La reconocida trayectoria de Rosario Guerrero se extiende a lo largo de ocho décadas y ha tenido una proyección internacional trabajando con distintos medios y temáticas que van desde pintura figurativa y esculturas lumínicas hasta composiciones abstractas. Por otro lado, Roman de Castro es un joven artista mexicano cuya carrera ha despegado de manera notable en un corto lapso de tiempo, convirtiéndose en un influyente referente para las generaciones más jóvenes y cuya exploración abarca distintos medios como la escritura, la pintura, la instalación y más recientemente la cerámica.

El punto de convergencia en la carrera de ambos, habiendo décadas de distancia, es el de la silla como objeto cotidiano.

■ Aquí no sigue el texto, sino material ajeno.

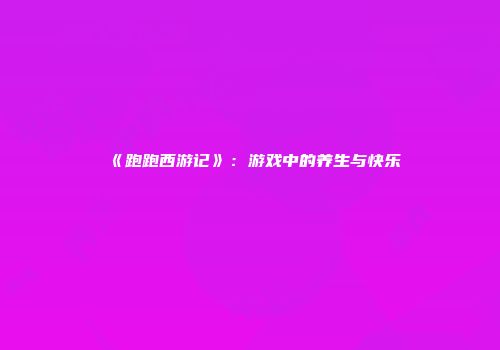 《跑跑西游记》：游戏中的养生与快乐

Esta figura ha cautivado la visión de los dos artistas por sus cualidades ambivalentes. La silla encarna la paradoja entre ausencia y presencia, entre lo humano y lo objetual, entre la existencia del cuerpo y la evidente falta de éste. La presencia de este objeto, en apariencia inofensivo, revela un sin fin de contradicciones y encarna un dejo emocional ineludible a cualquier persona.

Más allá de la silla, Rosario y Román recrean un universo de nostalgia y añoranza a partir de de la humanización de objetos habituales, dotándolos de una facultad sintiente, que evocan la existencia de personas tan familiares como anónimas, capturando el pulso de la memoria ya arrojando a los espectadores a habitar ese espacio intermedio entre la presencia y la ausencia.